> [WORK INSTRUCTION]
Starting at the line that holds "Cream Champagne mascot" and stopping at the line that holds "Wireless Bluetooth and", restate the records below word for word, with both of those lines included.

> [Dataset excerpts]
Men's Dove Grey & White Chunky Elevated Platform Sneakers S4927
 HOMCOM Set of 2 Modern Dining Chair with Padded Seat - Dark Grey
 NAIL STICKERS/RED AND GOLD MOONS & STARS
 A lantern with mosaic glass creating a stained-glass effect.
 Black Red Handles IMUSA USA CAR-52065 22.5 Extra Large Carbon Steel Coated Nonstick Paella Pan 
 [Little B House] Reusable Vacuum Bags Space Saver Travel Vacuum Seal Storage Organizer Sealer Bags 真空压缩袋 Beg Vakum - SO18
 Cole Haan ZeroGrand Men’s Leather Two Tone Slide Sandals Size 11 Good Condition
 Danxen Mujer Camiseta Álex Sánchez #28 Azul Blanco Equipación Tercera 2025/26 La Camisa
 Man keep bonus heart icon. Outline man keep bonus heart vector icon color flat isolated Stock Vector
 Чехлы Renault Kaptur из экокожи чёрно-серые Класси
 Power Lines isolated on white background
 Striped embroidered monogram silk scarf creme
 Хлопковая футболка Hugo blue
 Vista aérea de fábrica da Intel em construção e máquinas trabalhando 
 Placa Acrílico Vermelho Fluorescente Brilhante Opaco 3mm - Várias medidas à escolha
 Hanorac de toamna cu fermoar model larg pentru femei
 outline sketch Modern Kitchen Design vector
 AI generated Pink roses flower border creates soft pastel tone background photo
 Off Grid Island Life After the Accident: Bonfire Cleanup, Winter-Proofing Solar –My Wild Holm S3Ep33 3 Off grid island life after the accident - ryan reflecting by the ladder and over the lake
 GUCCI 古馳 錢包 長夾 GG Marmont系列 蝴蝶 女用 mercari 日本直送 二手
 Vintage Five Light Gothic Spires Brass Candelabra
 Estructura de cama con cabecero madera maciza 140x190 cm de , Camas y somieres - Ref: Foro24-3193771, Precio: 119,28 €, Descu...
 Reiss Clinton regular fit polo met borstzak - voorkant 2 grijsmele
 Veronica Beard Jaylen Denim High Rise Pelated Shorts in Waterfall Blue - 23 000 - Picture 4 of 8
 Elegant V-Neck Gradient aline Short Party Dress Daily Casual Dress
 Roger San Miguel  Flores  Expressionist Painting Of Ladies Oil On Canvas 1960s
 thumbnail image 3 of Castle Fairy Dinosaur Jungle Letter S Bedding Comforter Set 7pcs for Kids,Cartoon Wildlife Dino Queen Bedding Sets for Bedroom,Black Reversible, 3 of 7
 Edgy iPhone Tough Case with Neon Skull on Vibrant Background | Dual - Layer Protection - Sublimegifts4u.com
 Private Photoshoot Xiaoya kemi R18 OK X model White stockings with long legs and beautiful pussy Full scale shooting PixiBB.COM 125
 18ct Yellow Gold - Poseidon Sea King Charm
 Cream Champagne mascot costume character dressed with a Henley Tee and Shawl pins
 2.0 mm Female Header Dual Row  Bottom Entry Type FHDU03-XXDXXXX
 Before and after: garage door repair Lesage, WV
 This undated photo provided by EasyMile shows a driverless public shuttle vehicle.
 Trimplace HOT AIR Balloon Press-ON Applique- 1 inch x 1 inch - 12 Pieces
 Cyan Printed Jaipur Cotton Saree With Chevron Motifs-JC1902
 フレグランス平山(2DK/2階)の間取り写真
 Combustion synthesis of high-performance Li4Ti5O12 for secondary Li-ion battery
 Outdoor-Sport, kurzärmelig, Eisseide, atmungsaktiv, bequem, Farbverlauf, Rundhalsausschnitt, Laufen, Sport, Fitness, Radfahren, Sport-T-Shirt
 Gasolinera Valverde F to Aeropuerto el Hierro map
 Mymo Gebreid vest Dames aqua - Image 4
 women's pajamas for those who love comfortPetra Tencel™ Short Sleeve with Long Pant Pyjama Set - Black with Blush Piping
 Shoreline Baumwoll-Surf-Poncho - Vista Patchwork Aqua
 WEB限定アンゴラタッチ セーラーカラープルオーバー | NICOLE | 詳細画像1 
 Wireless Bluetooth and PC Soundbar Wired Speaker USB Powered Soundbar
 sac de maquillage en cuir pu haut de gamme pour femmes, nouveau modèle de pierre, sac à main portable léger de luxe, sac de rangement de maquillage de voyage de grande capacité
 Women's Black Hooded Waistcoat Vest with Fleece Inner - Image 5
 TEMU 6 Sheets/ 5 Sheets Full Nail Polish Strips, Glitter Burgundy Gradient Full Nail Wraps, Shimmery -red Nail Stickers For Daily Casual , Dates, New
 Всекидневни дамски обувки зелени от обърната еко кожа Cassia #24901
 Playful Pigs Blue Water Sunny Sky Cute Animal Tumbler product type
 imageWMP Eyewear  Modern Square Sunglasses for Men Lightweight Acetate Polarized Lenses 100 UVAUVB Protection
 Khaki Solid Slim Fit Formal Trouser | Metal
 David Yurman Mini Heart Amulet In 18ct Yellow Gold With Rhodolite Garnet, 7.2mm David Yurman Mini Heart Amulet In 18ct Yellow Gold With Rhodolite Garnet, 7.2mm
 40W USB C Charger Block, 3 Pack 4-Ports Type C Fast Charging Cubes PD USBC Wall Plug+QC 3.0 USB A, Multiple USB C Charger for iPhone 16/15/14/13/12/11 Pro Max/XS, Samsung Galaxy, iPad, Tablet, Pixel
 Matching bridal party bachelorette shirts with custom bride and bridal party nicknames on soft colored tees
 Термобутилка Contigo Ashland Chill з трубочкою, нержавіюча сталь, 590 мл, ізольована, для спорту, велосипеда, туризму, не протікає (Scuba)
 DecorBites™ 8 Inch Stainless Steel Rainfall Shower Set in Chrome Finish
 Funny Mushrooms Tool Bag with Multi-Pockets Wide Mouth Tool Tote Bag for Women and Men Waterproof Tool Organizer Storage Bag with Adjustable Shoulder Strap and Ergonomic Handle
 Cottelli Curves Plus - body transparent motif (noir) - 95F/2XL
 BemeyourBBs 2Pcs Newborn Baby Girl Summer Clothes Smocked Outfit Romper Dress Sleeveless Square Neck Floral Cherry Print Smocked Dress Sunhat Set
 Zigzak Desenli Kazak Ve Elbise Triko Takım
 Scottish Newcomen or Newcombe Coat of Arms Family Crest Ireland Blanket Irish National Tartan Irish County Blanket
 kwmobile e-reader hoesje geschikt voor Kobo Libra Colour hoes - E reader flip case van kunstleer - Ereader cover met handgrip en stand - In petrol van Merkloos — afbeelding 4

> [OUTPUT FOR THIS EXERCISE]
 Cream Champagne mascot costume character dressed with a Henley Tee and Shawl pins
 2.0 mm Female Header Dual Row  Bottom Entry Type FHDU03-XXDXXXX
 Before and after: garage door repair Lesage, WV
 This undated photo provided by EasyMile shows a driverless public shuttle vehicle.
 Trimplace HOT AIR Balloon Press-ON Applique- 1 inch x 1 inch - 12 Pieces
 Cyan Printed Jaipur Cotton Saree With Chevron Motifs-JC1902
 フレグランス平山(2DK/2階)の間取り写真
 Combustion synthesis of high-performance Li4Ti5O12 for secondary Li-ion battery
 Outdoor-Sport, kurzärmelig, Eisseide, atmungsaktiv, bequem, Farbverlauf, Rundhalsausschnitt, Laufen, Sport, Fitness, Radfahren, Sport-T-Shirt
 Gasolinera Valverde F to Aeropuerto el Hierro map
 Mymo Gebreid vest Dames aqua - Image 4
 women's pajamas for those who love comfortPetra Tencel™ Short Sleeve with Long Pant Pyjama Set - Black with Blush Piping
 Shoreline Baumwoll-Surf-Poncho - Vista Patchwork Aqua
 WEB限定アンゴラタッチ セーラーカラープルオーバー | NICOLE | 詳細画像1 
 Wireless Bluetooth and PC Soundbar Wired Speaker USB Powered Soundbar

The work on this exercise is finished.